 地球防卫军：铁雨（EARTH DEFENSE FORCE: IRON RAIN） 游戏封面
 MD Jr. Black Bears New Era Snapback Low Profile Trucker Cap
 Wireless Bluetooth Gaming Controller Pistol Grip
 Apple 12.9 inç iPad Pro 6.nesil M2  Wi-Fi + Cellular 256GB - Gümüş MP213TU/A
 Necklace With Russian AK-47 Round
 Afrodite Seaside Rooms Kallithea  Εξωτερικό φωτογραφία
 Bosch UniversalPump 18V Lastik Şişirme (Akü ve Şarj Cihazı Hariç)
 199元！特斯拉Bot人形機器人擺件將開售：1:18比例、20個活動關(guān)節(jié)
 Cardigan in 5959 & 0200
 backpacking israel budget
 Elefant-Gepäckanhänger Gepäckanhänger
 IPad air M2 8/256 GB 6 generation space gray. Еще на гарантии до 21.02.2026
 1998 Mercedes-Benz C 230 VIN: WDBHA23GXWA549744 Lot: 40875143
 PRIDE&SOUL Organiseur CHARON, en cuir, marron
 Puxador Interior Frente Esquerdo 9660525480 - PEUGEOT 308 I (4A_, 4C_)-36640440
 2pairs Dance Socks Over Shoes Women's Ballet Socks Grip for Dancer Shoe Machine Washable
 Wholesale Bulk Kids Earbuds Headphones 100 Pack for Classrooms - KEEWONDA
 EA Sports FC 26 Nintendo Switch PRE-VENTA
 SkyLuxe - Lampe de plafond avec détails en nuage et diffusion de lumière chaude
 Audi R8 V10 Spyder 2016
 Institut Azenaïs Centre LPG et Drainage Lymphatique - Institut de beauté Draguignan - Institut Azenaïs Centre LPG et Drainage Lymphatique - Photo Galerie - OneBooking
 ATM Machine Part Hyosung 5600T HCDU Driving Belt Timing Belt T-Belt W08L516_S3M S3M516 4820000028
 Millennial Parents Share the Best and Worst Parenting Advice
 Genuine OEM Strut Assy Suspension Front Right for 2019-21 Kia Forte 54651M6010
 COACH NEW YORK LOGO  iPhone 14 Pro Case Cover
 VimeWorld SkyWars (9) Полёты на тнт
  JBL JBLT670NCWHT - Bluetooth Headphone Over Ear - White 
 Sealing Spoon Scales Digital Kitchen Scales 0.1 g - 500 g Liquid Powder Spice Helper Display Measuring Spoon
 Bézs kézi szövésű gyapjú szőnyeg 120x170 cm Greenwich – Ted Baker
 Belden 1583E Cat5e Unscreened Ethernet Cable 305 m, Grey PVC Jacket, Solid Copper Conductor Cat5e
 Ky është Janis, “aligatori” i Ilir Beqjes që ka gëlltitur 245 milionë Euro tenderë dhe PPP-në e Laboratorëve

....

> [TASK INSTRUCTIONS] Word for word, give the whole listing again.

> [EXPECTED ANSWER]
 地球防卫军：铁雨（EARTH DEFENSE FORCE: IRON RAIN） 游戏封面
 MD Jr. Black Bears New Era Snapback Low Profile Trucker Cap
 Wireless Bluetooth Gaming Controller Pistol Grip
 Apple 12.9 inç iPad Pro 6.nesil M2  Wi-Fi + Cellular 256GB - Gümüş MP213TU/A
 Necklace With Russian AK-47 Round
 Afrodite Seaside Rooms Kallithea  Εξωτερικό φωτογραφία
 Bosch UniversalPump 18V Lastik Şişirme (Akü ve Şarj Cihazı Hariç)
 199元！特斯拉Bot人形機器人擺件將開售：1:18比例、20個活動關(guān)節(jié)
 Cardigan in 5959 & 0200
 backpacking israel budget
 Elefant-Gepäckanhänger Gepäckanhänger
 IPad air M2 8/256 GB 6 generation space gray. Еще на гарантии до 21.02.2026
 1998 Mercedes-Benz C 230 VIN: WDBHA23GXWA549744 Lot: 40875143
 PRIDE&SOUL Organiseur CHARON, en cuir, marron
 Puxador Interior Frente Esquerdo 9660525480 - PEUGEOT 308 I (4A_, 4C_)-36640440
 2pairs Dance Socks Over Shoes Women's Ballet Socks Grip for Dancer Shoe Machine Washable
 Wholesale Bulk Kids Earbuds Headphones 100 Pack for Classrooms - KEEWONDA
 EA Sports FC 26 Nintendo Switch PRE-VENTA
 SkyLuxe - Lampe de plafond avec détails en nuage et diffusion de lumière chaude
 Audi R8 V10 Spyder 2016
 Institut Azenaïs Centre LPG et Drainage Lymphatique - Institut de beauté Draguignan - Institut Azenaïs Centre LPG et Drainage Lymphatique - Photo Galerie - OneBooking
 ATM Machine Part Hyosung 5600T HCDU Driving Belt Timing Belt T-Belt W08L516_S3M S3M516 4820000028
 Millennial Parents Share the Best and Worst Parenting Advice
 Genuine OEM Strut Assy Suspension Front Right for 2019-21 Kia Forte 54651M6010
 COACH NEW YORK LOGO  iPhone 14 Pro Case Cover
 VimeWorld SkyWars (9) Полёты на тнт
  JBL JBLT670NCWHT - Bluetooth Headphone Over Ear - White 
 Sealing Spoon Scales Digital Kitchen Scales 0.1 g - 500 g Liquid Powder Spice Helper Display Measuring Spoon
 Bézs kézi szövésű gyapjú szőnyeg 120x170 cm Greenwich – Ted Baker
 Belden 1583E Cat5e Unscreened Ethernet Cable 305 m, Grey PVC Jacket, Solid Copper Conductor Cat5e
 Ky është Janis, “aligatori” i Ilir Beqjes që ka gëlltitur 245 milionë Euro tenderë dhe PPP-në e Laboratorëve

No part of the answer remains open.